Many times the radius will be in two or more pieces as it takes some pretty hefty sized wood to make it in one piece.


----------



## Dak (Mar 9, 2011)

Tom silva showed how to do this on ask this old house. Try a search on the web site.


----------



## Lola Ranch (Mar 22, 2010)

What is the radius and how big is the molding you are trying to make? Are you trying to match something?
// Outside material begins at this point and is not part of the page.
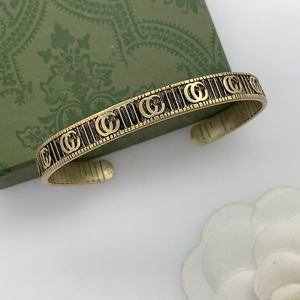 Bracelets de créateurs pour femmes lettres ajustées pour hommes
I would stack segments on a plywood disk that I would pre-cut to the finished outside diameter. Use paper between the plywood and your molding workpiece so you can separate them later. Screw this to your lathe faceplate on the outbaord side and turn the profile on the molding to match whatever using your turning tools.

Bret


----------



## BigJim (Sep 2, 2008)

If you don't want to make the molding you can buy it already made at a trim supply company. The upper trim under the tread usually is a scotia mold and the lower trim is usually a shoe mold and sometimes can be a 1/4 round. Neither of then are hard to make.


----------



## Treeoflifestairs.com (Jan 9, 2012)

It sounds like your are talking about a cove mold on a volute box. Jiju is right about it probably having to be multiple pieces. If you did manage to get it in one piece you would also have to worry about the grain, trying not to crack it when you nail it. You can also use a flex mold that is the same or similar detail, but it can be tricky to stain it to look the same as real wood.


----------



## 3fingers (Dec 7, 2011)

Treeoflifestairs.com said:


> If you did manage to get it in one piece you would also have to worry about the grain, trying not to crack it when you nail it. You can also use a flex mold that is the same or similar detail, but it can be tricky to stain it to look the same as real wood.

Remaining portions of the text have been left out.